GRAND FORKS — In UND's wild 5-5 tie with Quinnipiac on Friday night at Ralph Engelstad, it might have been easy to lose track of a second-period goal that was until it wasn't.
But here's why UND felt Mark Senden's rebound goal that briefly made it 3-2 early in the second period should've counted as a goal during the 5-5 tie.
Just 28 seconds after Dylan James scored his first-career goal to make it 3-1 at 2:52 of the second, UND forward Judd Caulfield brought a puck into the Quinnipiac zone and crashed hard to the net.
Senden smacked a Caulfield rebound past Quinnipiac goalie Yaniv Perets.
Quinnipiac coach Rand Pecknold challenged the play, claiming Jamernik V was offside.
After the review, officials agreed with Pecknold and disallowed the goal.
UND's coaches, meanwhile, were visibly adamant on the bench the play should've been ruled differently. Fighting Hawks head coach Brad Berry and his assistants wanted the officials to take a second look.
"We were trying to challenge the challenge," Berry said. "We felt confident that if we challenged, it might've granted us that goal. But at the end of the day, we couldn't challenge, so we move forward."
UND's perspective was that Caulfield wasn't possessing the puck as the puck entered the zone. UND felt he chipped the puck in, meaning Jamernik V had time to tag up before Caulfield entered the zone and repossessed the puck.

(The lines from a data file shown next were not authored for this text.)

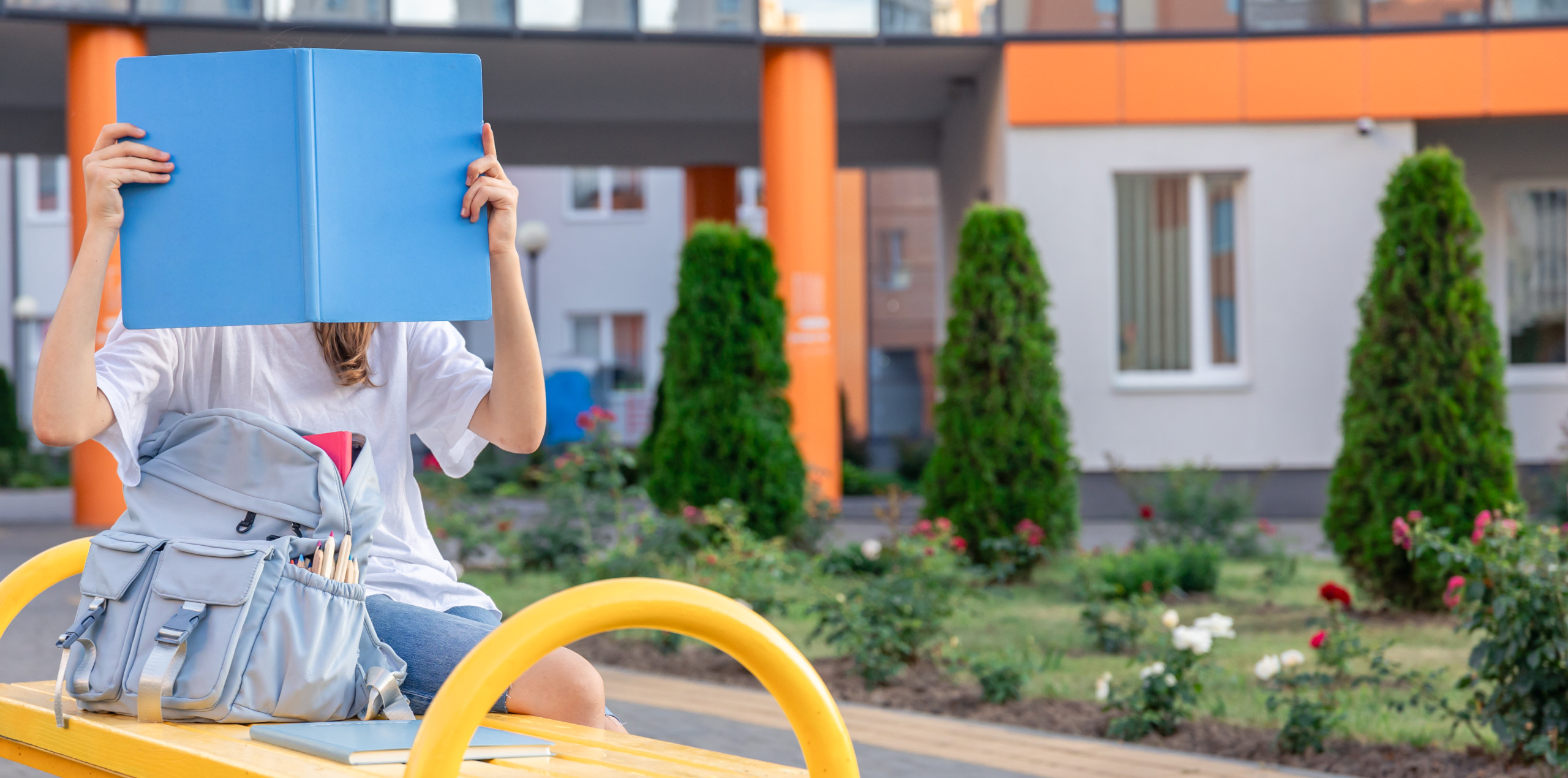 girl-with-blue-notebook-covers-her-face-background-school-scaled.jpg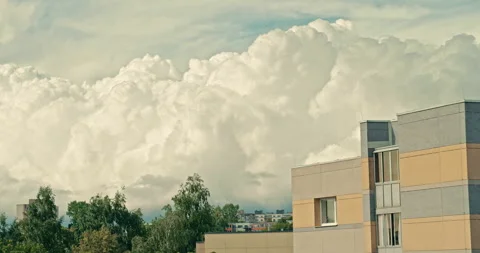 Large towering cumulus clouds above modern residential buildings and trees Stock Footage 340997557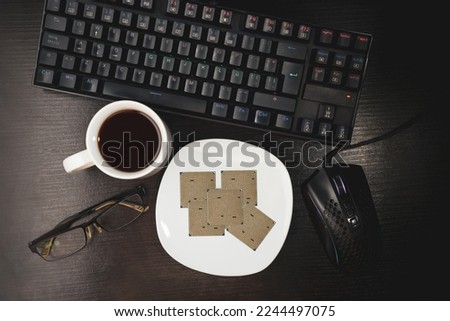 work desk, coffee cup and microprocessors on a plate. computer screen with programming text, CMD, keyboard and sleep glasses, programming concept and computer science.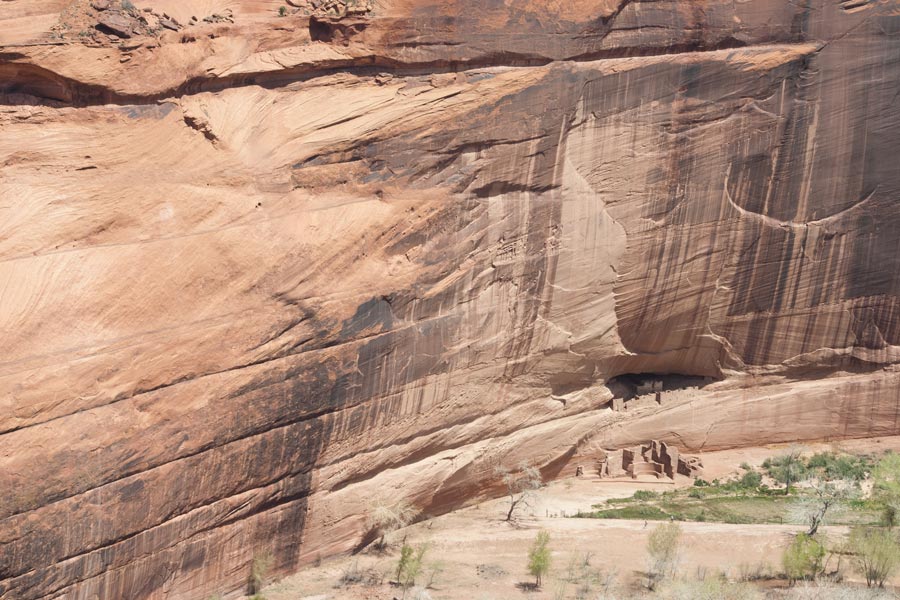 a huge cliff face above the dwelling ruins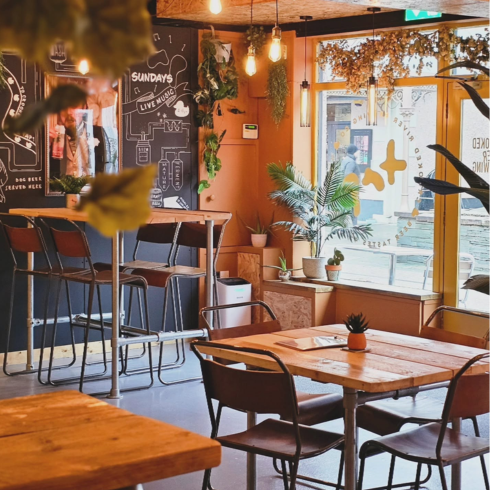 Inside the Crooked River Tap bar in Keswick - wooden tables and high stools, hanging plants and the street outside the window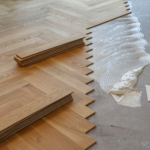 Worker laying parquet flooring and installing wooden laminate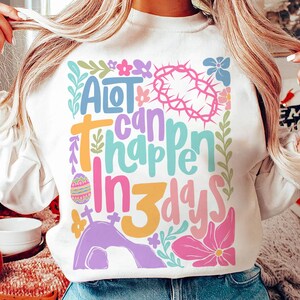 May include: White sweatshirt with a colorful graphic design that says "A lot can happen in 3 days". The graphic includes flowers, a crown of thorns, and a tomb.
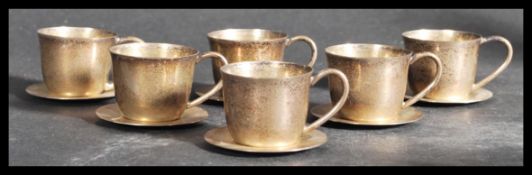 A set of six sterling silver demitasse small coffee cups / cans with matching saucers. Each cup of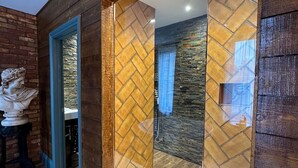 A room with a wooden wall, a herringbone-patterned door, and a stone wall. - OYO The Townhouse (Durham)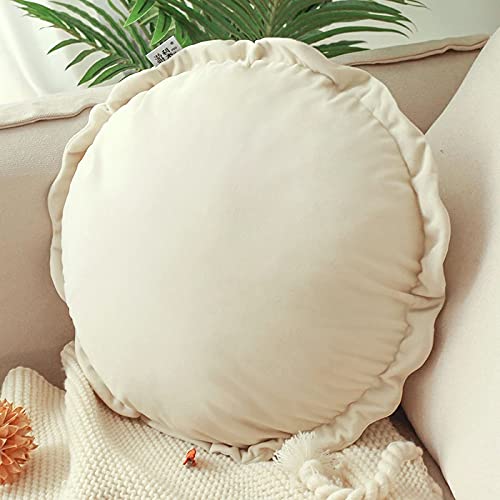 A round pillow adorned with white ruffles, adding a touch of elegance and charm to any space.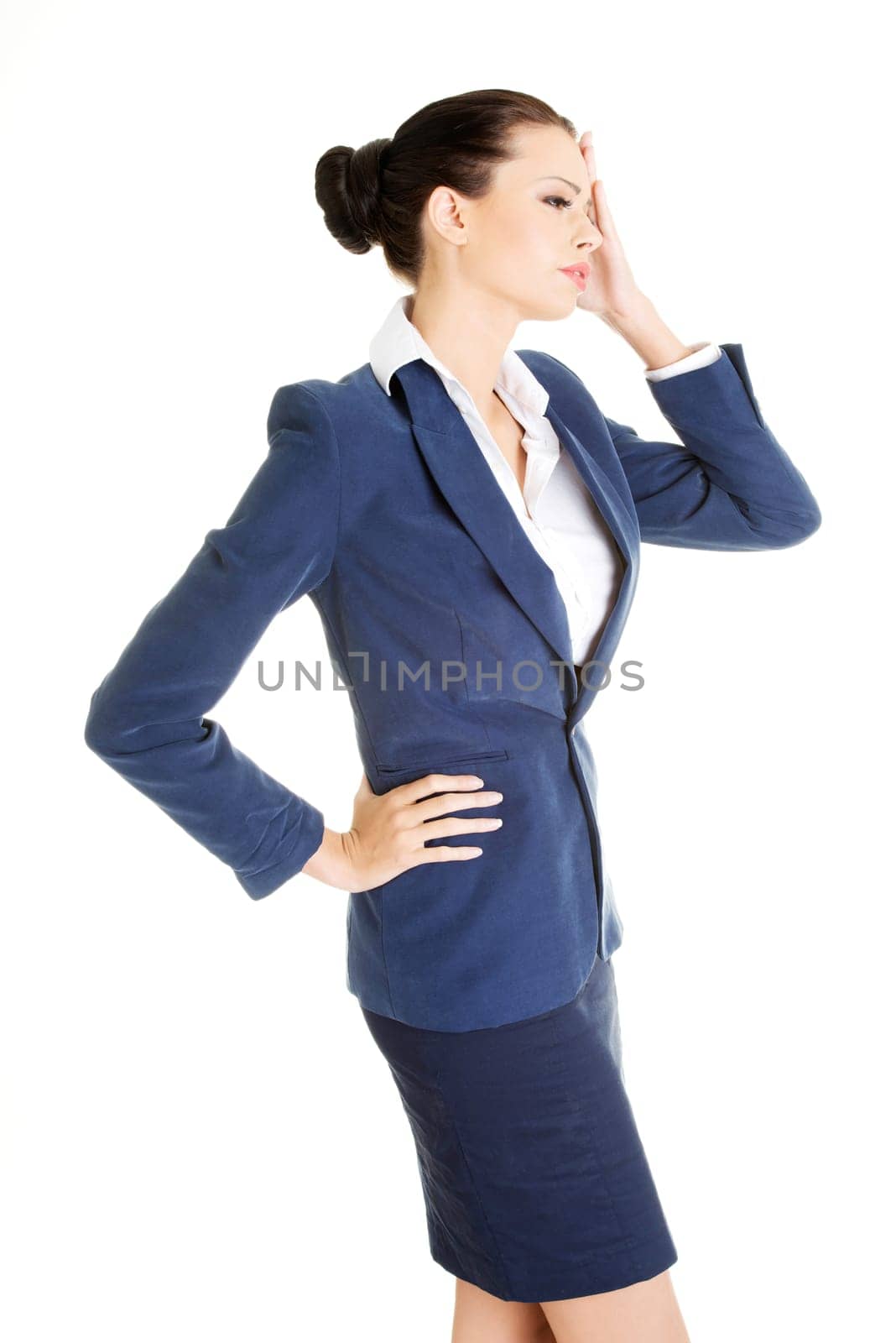 A businesswoman with a headache holding head, isolated on white background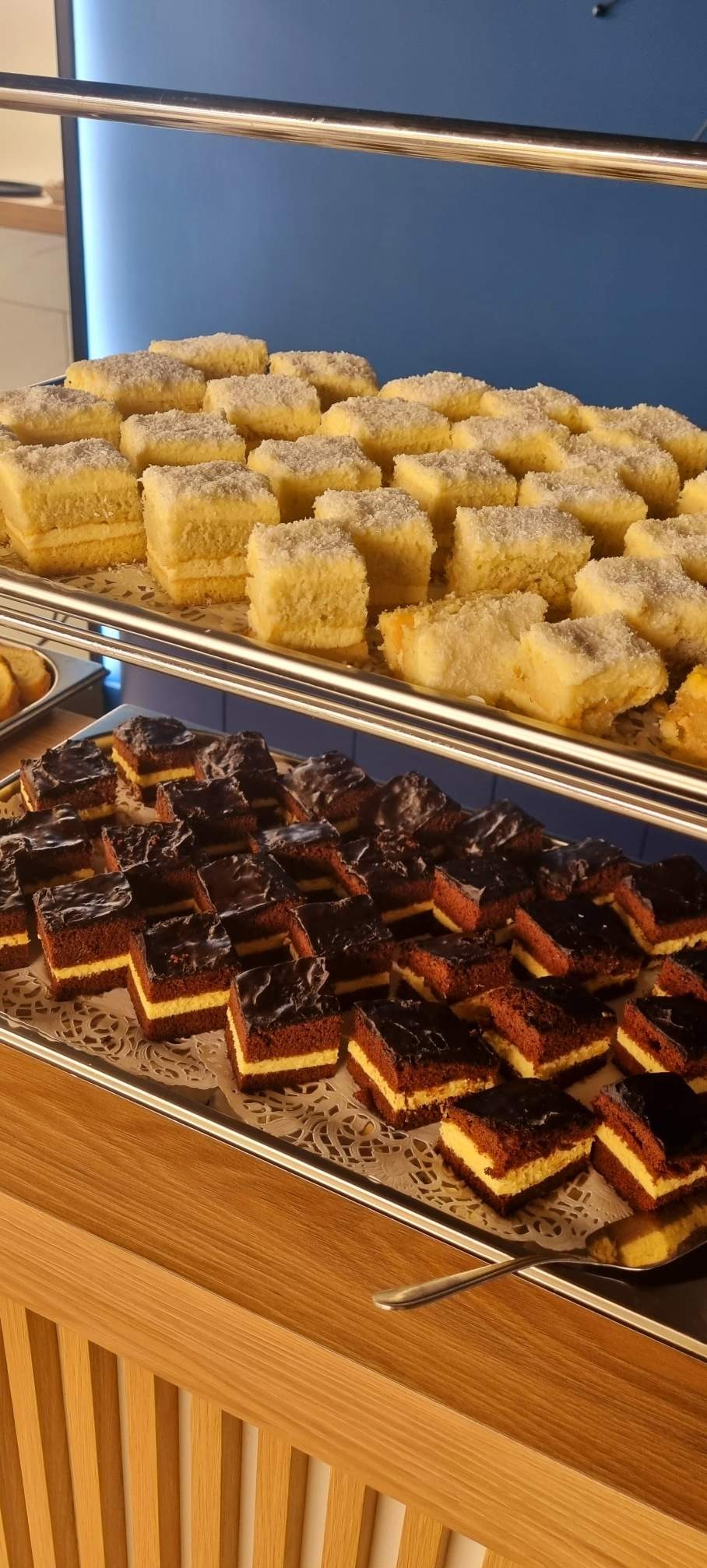 Dwa poziomy metalowej półki z kwadratowymi ciastami: na górze ciasta z kokosem, na dole ciasta czekoladowe z kremowym przełożeniem, ułożone na ozdobnej, papierowej serwetce.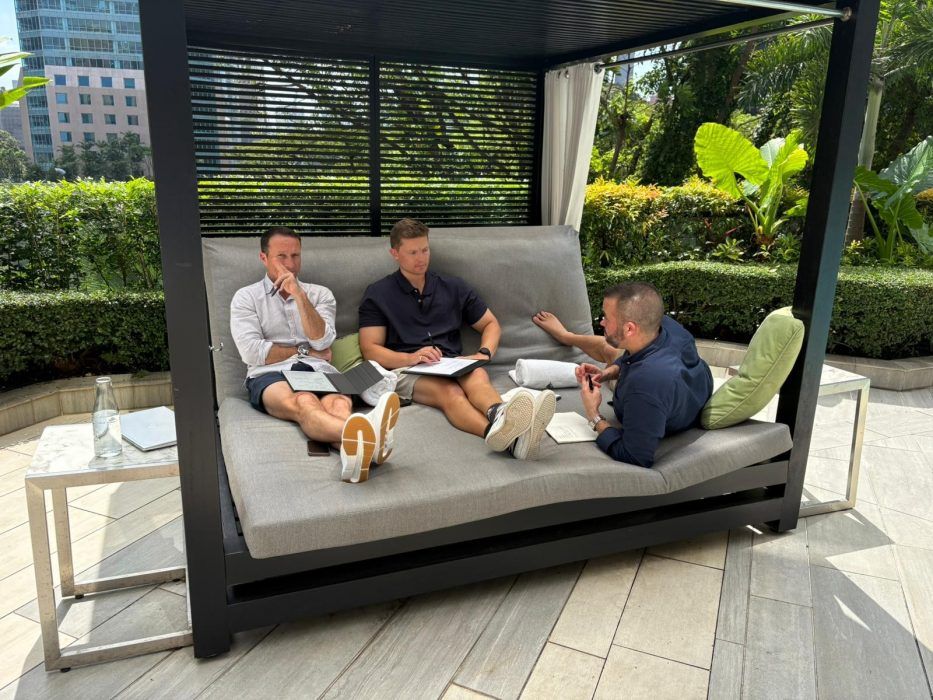 Three men sit on a large outdoor lounge chair in a covered cabana, reviewing documents together in a garden setting.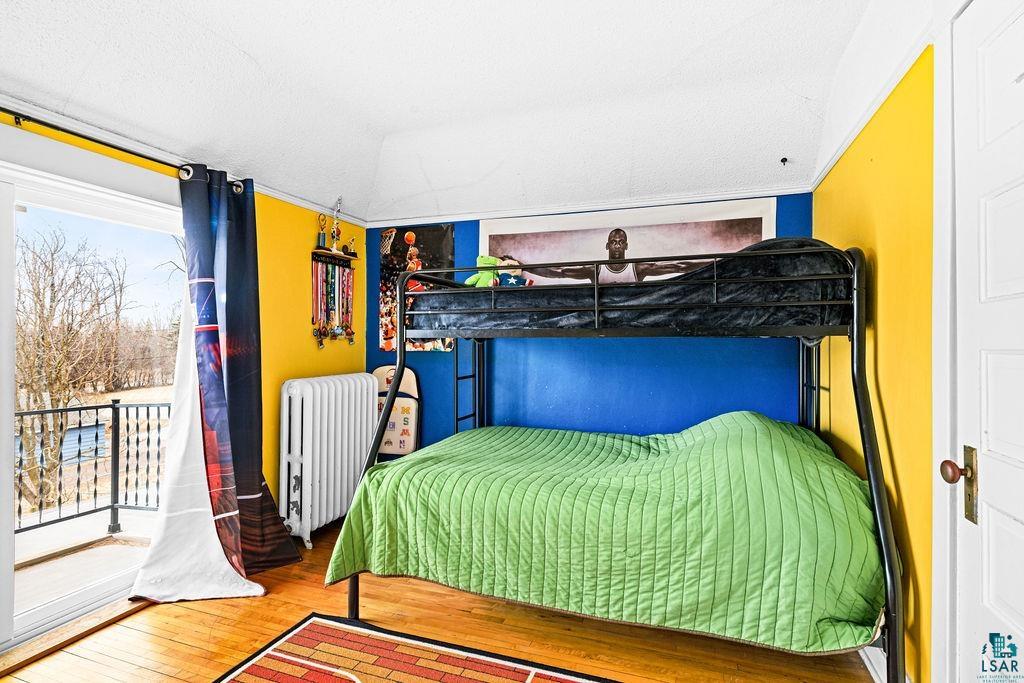 4608 Regent Street Duluth, MN 55804 - Photo 24 of 43 Bedroom with lofted ceiling, radiator, and hardwood / wood-style floors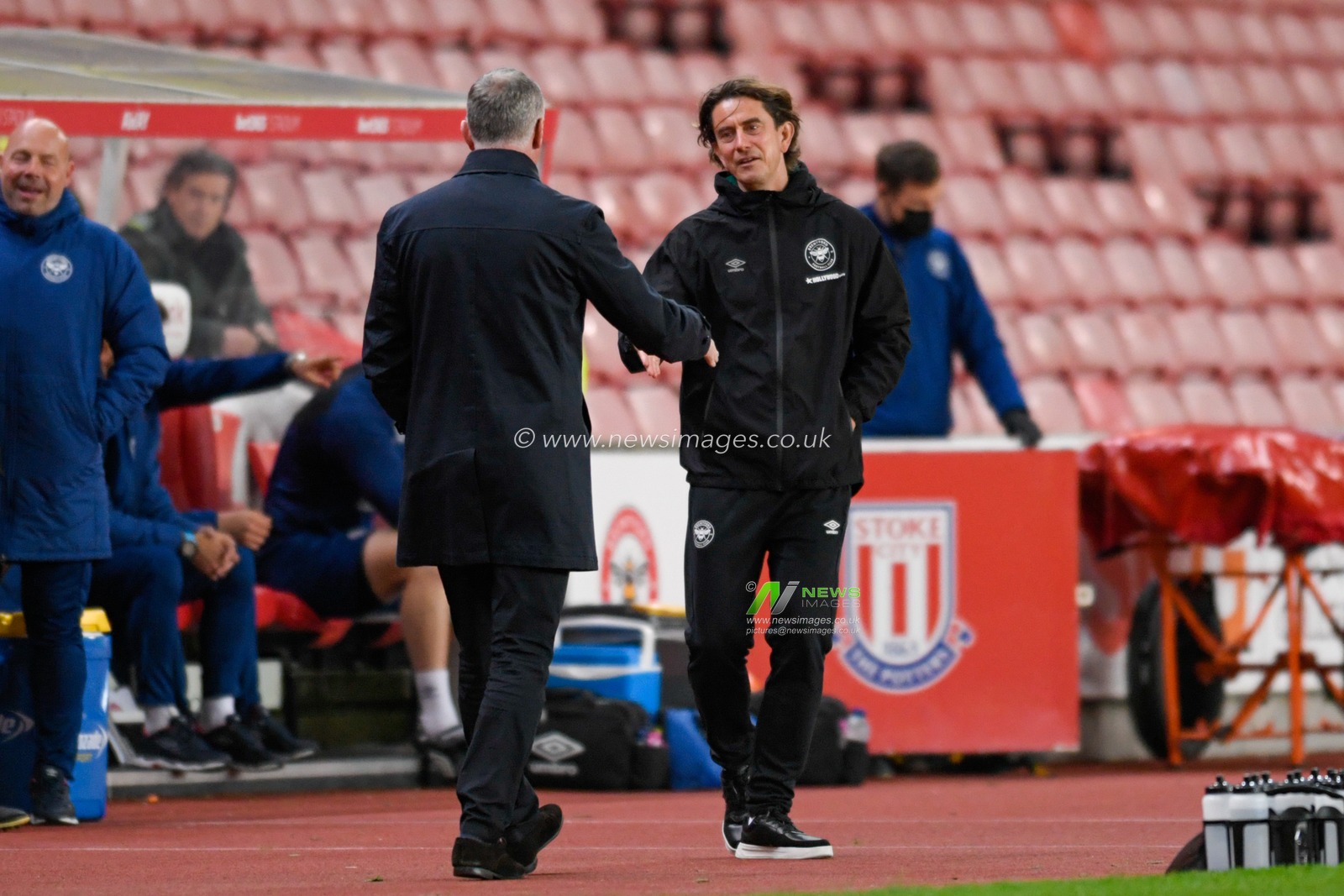 Thomas Frank manager of Brentford shakes the hand of Michael O'Neill manager of Stoke City before the game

UND recalled a play from the 2022 NHL playoffs involving Colorado Avalanche defenseman Cale Makar during the Western Conference Finals on May 31 against the Edmonton Oilers.
In the first period, Makar scored and Edmonton challenged the play for offside but the goal was upheld.
On the Makar play, officials ruled Valeri Nichushkin was back onside because Makar pushed the puck across the blue line and didn't carry the puck into the zone.
"I think there was a playoff goal in the NHL playoffs last year reminiscent of the same exact incident," Berry said. "At the end of the day, it is what it is and everybody can learn from it."